__WHAT TO DO__
Every line of the listing below is to be duplicated exactly, with the pictures left out.

__MATERIAL PROVIDED__
=== Section Start ===

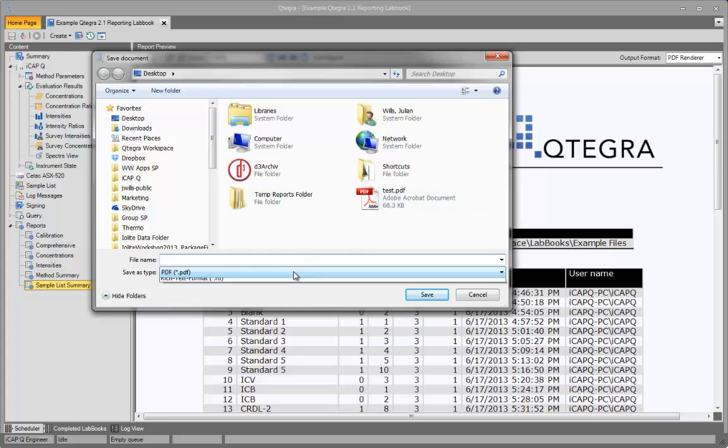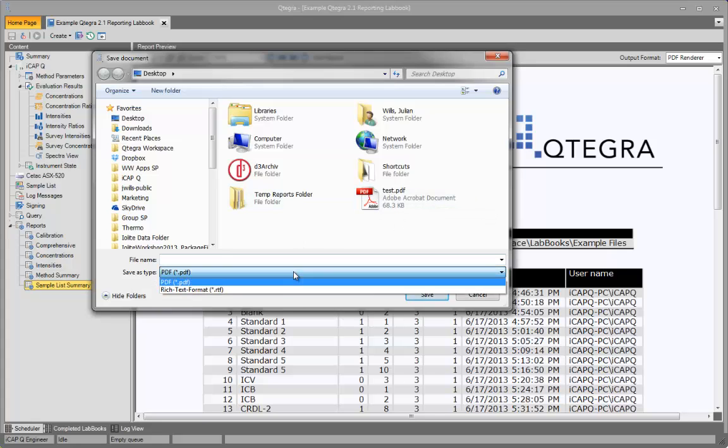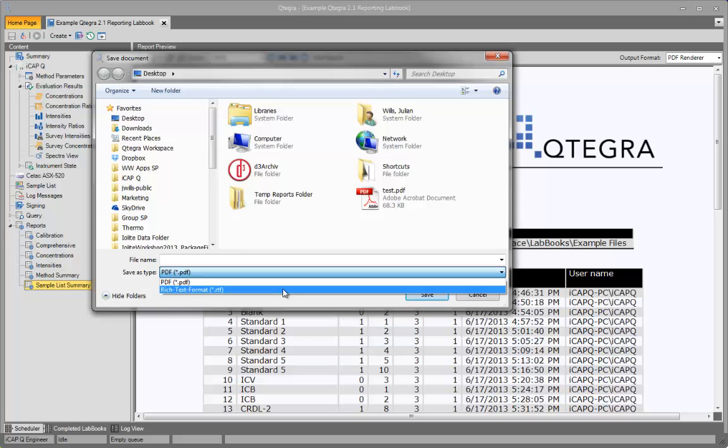The report output from the labbook can be saved either as a PDF or as an RTF file that can be opened up by any text editor, Microsoft Word for example.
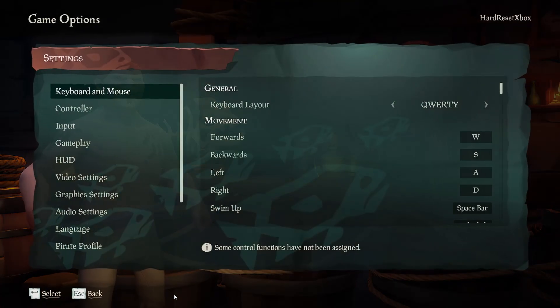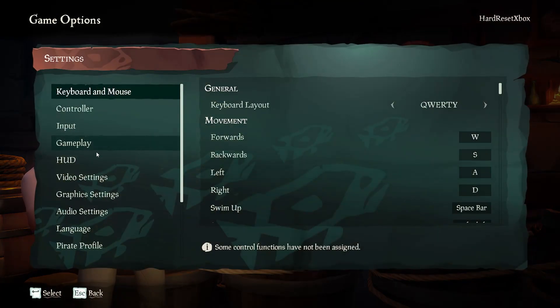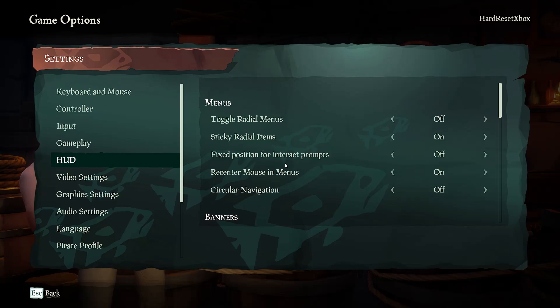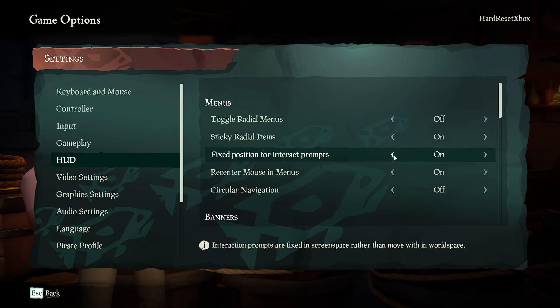First go to settings and then go to HUD. Find fixed position of interact prompts and now you can toggle it on or off.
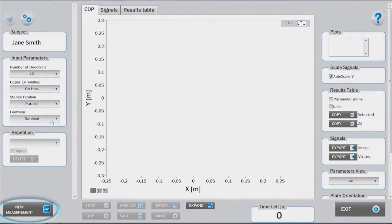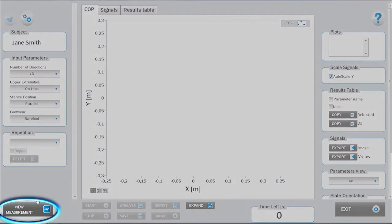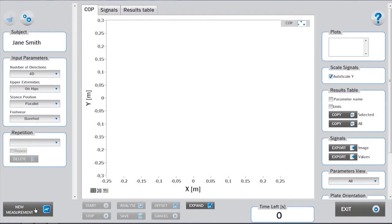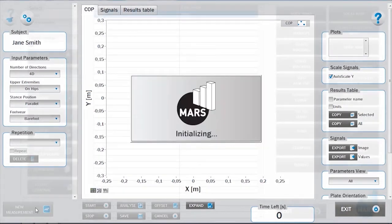To start with a measurement, click on the New Measurement button. After launching the test module and clicking New Measurement, initialization and offset takes place.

=== Section End ===

__SOLUTION__
The report output from the labbook can be saved either as a PDF or as an RTF file that can be opened up by any text editor, Microsoft Word for example.
First go to settings and then go to HUD. Find fixed position of interact prompts and now you can toggle it on or off.
To start with a measurement, click on the New Measurement button. After launching the test module and clicking New Measurement, initialization and offset takes place.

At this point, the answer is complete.